─── Records for this task
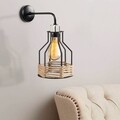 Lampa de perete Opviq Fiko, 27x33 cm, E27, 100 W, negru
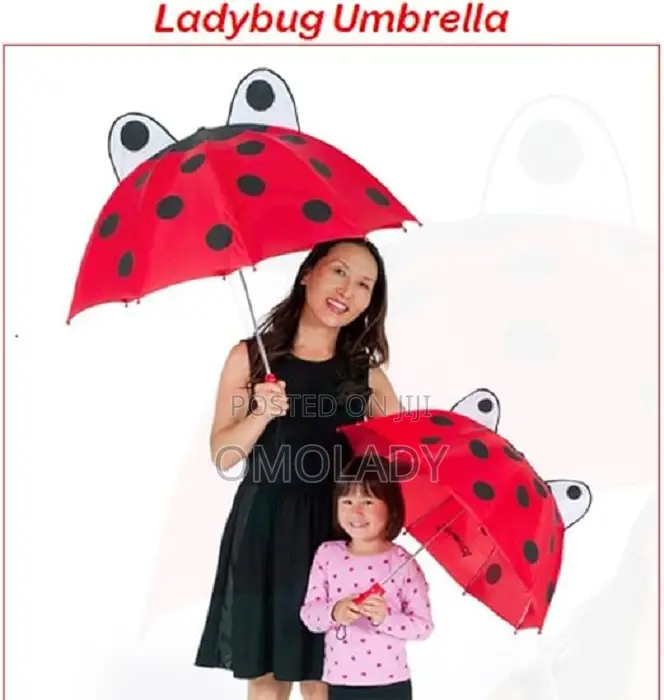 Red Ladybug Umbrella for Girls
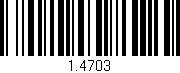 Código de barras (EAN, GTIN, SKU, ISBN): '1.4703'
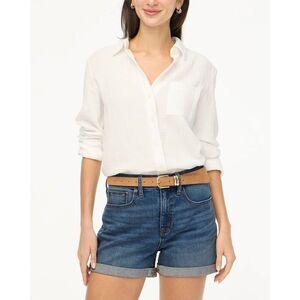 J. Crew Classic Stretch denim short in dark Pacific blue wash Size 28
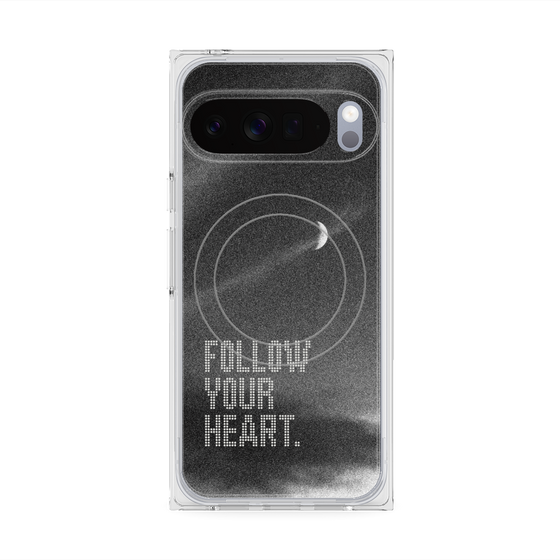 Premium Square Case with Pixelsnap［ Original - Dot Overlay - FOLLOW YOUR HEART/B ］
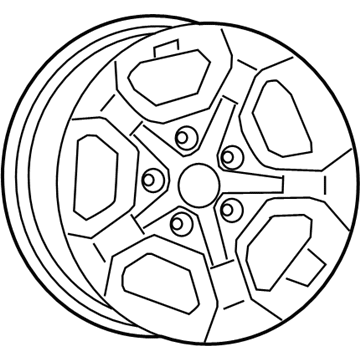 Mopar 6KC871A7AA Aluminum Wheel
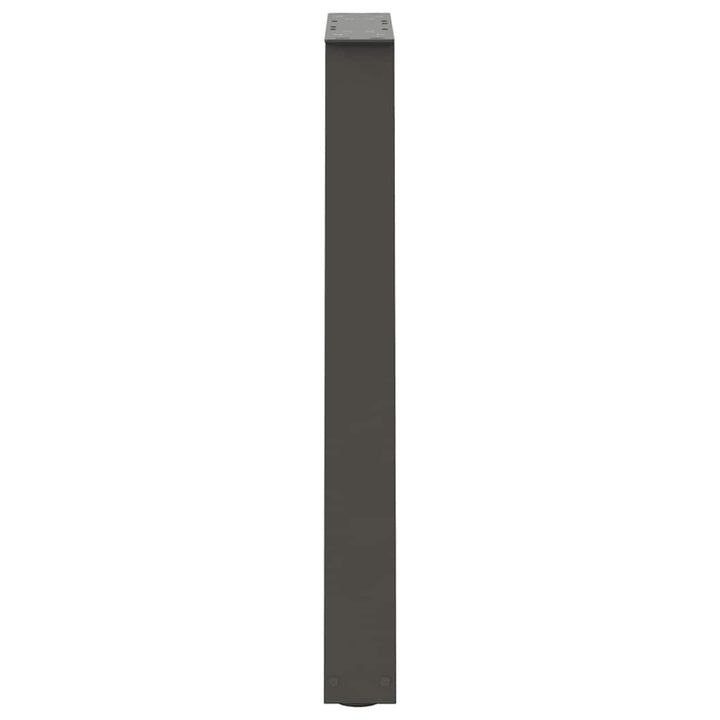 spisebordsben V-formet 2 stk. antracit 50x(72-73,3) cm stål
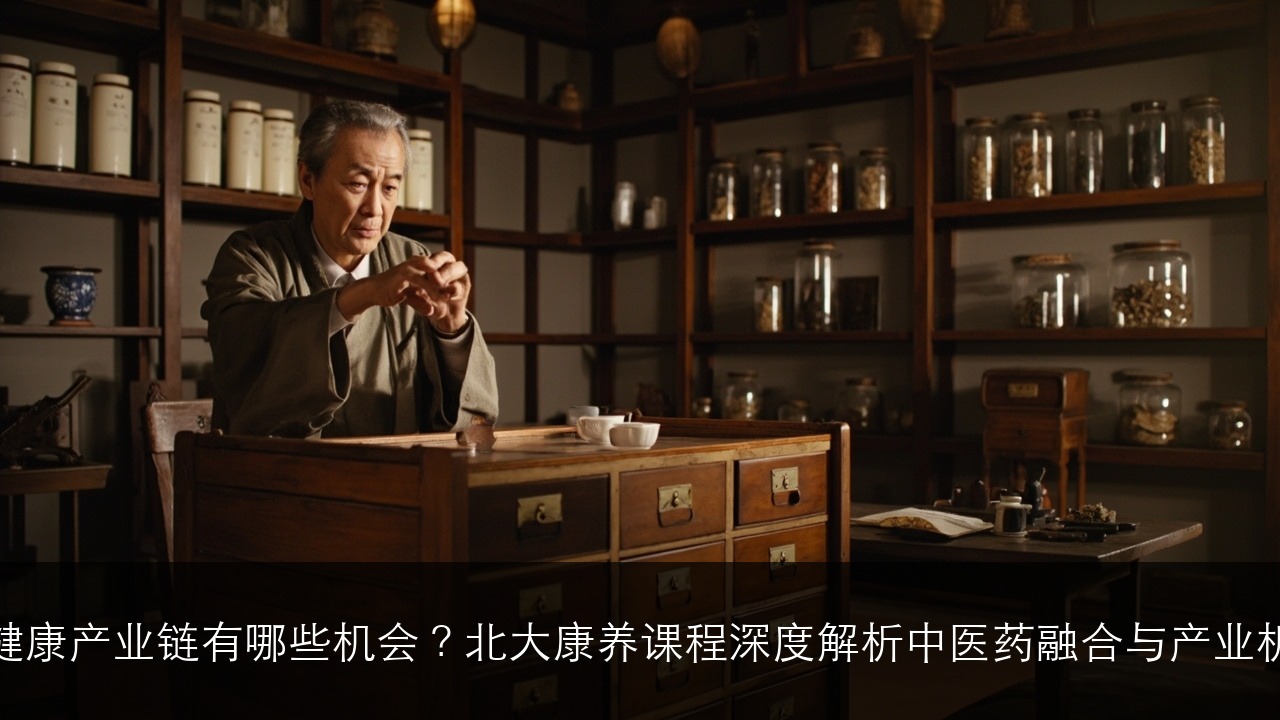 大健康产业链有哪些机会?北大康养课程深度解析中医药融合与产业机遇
──────
Write out all of the data above exactly, without any of its pictures.

— Answer area —
 Lampa de perete Opviq Fiko, 27x33 cm, E27, 100 W, negru
 Red Ladybug Umbrella for Girls
 Código de barras (EAN, GTIN, SKU, ISBN): '1.4703'
 J. Crew Classic Stretch denim short in dark Pacific blue wash Size 28
 Premium Square Case with Pixelsnap［ Original - Dot Overlay - FOLLOW YOUR HEART/B ］
 Mopar 6KC871A7AA Aluminum Wheel
 spisebordsben V-formet 2 stk. antracit 50x(72-73,3) cm stål
 大健康产业链有哪些机会?北大康养课程深度解析中医药融合与产业机遇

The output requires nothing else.